Task statement: Below this line are records; transcribe exactly the lines between the one holding "X0000112880355200909181853" and the one holding "Muchos Tomates Maduros", inclusive, and omit the pictures.

Entries shown:
►

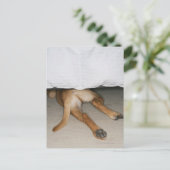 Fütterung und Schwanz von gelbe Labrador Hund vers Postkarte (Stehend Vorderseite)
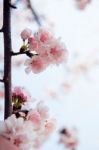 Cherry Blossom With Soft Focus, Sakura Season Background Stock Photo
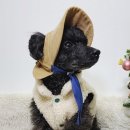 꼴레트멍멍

◄
►

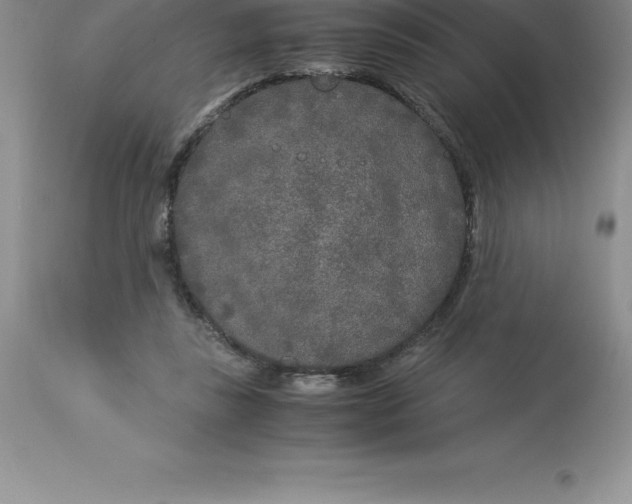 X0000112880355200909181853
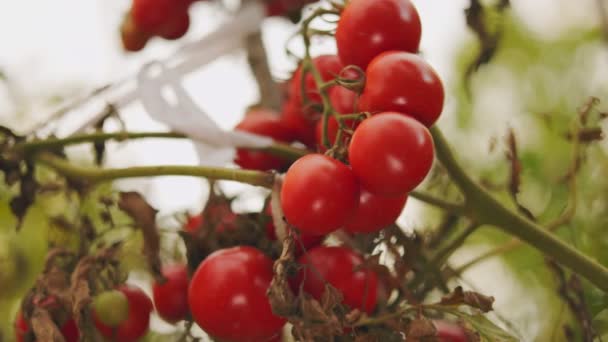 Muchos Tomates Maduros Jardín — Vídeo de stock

◄

Answer box:
 X0000112880355200909181853
 Muchos Tomates Maduros Jardín — Vídeo de stock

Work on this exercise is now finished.